*** Extracted material
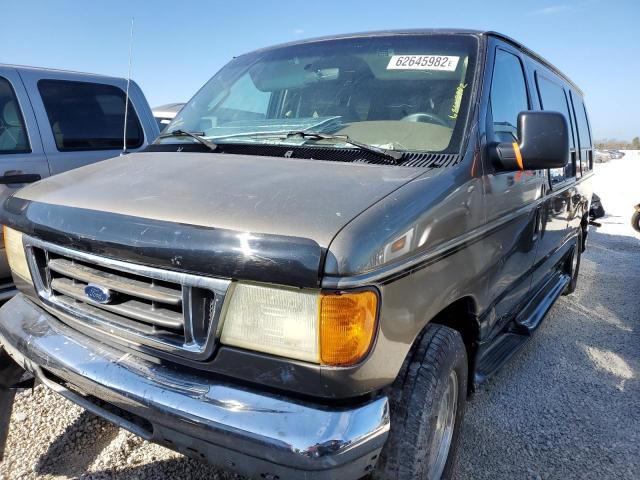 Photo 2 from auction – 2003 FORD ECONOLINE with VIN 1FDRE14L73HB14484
******
*** Extracted material
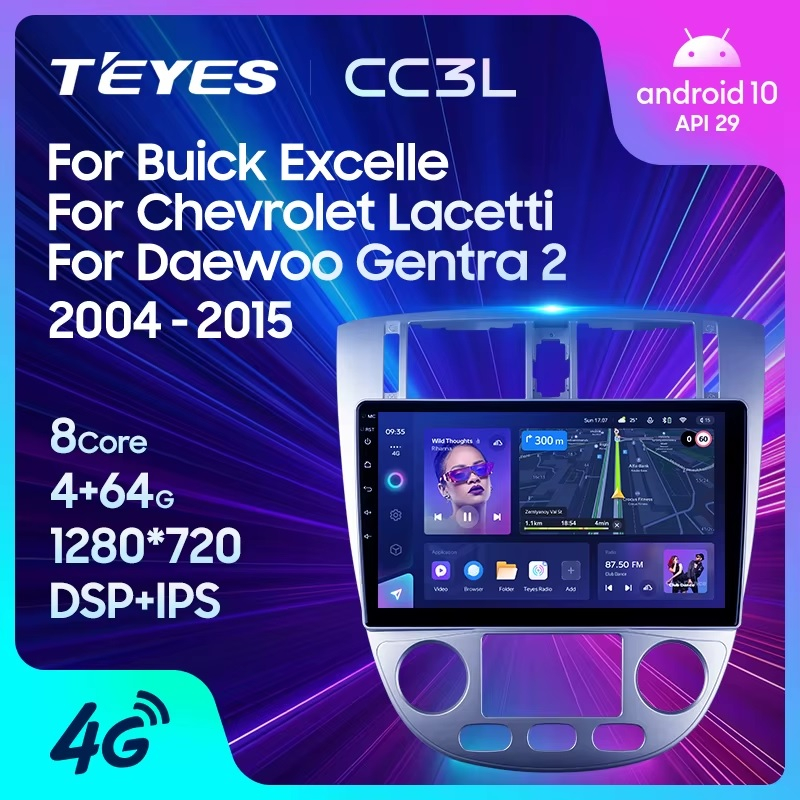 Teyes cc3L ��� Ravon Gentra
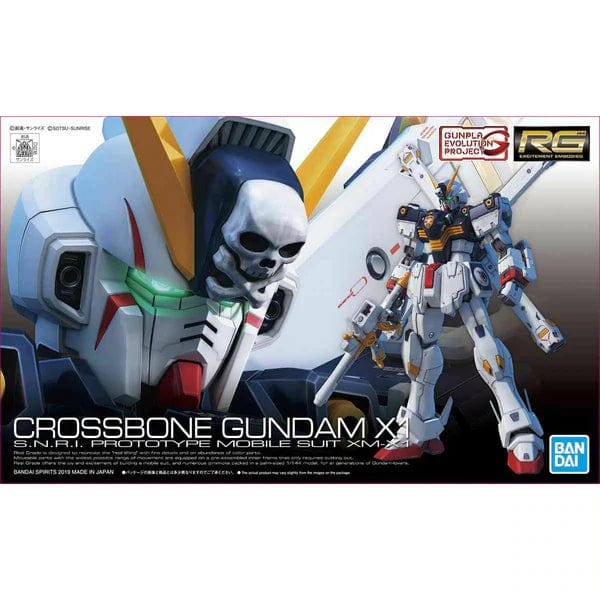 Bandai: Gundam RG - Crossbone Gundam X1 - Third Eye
******
### Task requirements
Starting from the line with "Teyes cc3L ��� Ravon Gentra" in the records above, repeat each line exactly until you have written the line with "Bandai: Gundam RG", then stop; drop the pictures.

### Answer to the problem
 Teyes cc3L ��� Ravon Gentra
 Bandai: Gundam RG - Crossbone Gundam X1 - Third Eye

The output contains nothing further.